*** DATASET CONTENT ***

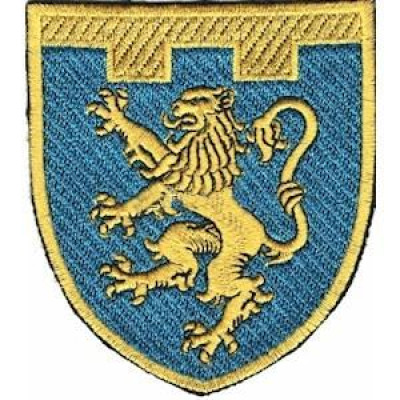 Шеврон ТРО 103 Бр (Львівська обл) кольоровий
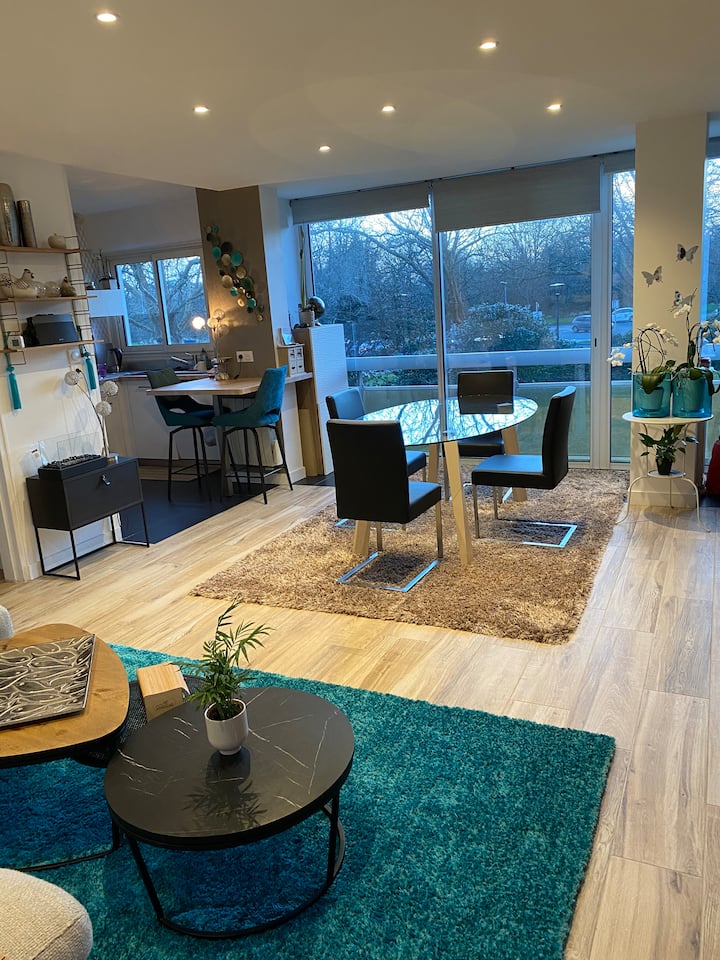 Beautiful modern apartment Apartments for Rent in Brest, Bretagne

*** End of DATASET CONTENT ***
*** DATASET CONTENT ***

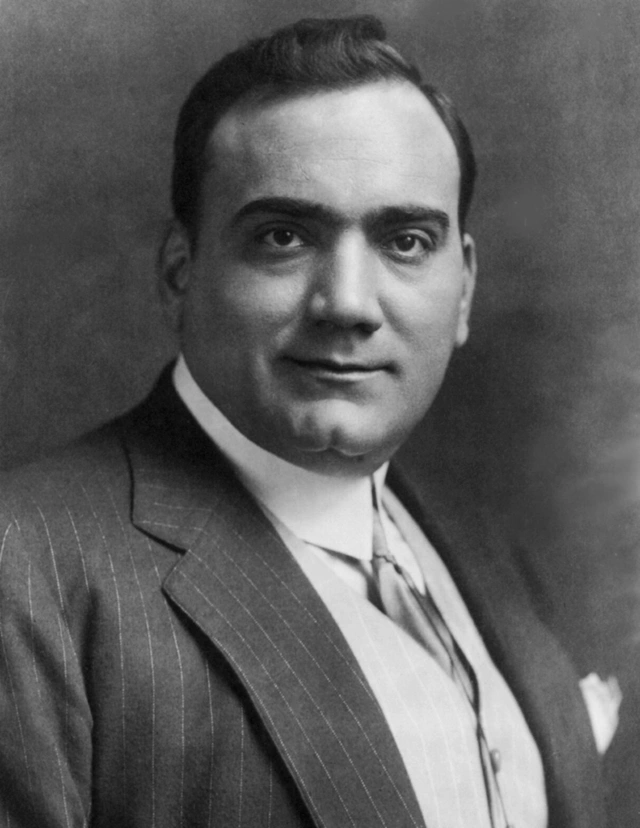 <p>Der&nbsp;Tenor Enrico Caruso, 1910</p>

*** End of DATASET CONTENT ***

## YOUR TASK
Leaving each picture behind, please give again exactly the lines above from the one with "Шеврон ТРО 103 Бр (Львівська обл) кольоровий" through the one with "Beautiful modern apartment", both included, and no others.

## SOLUTION TO THE EXERCISE
 Шеврон ТРО 103 Бр (Львівська обл) кольоровий
 Beautiful modern apartment Apartments for Rent in Brest, Bretagne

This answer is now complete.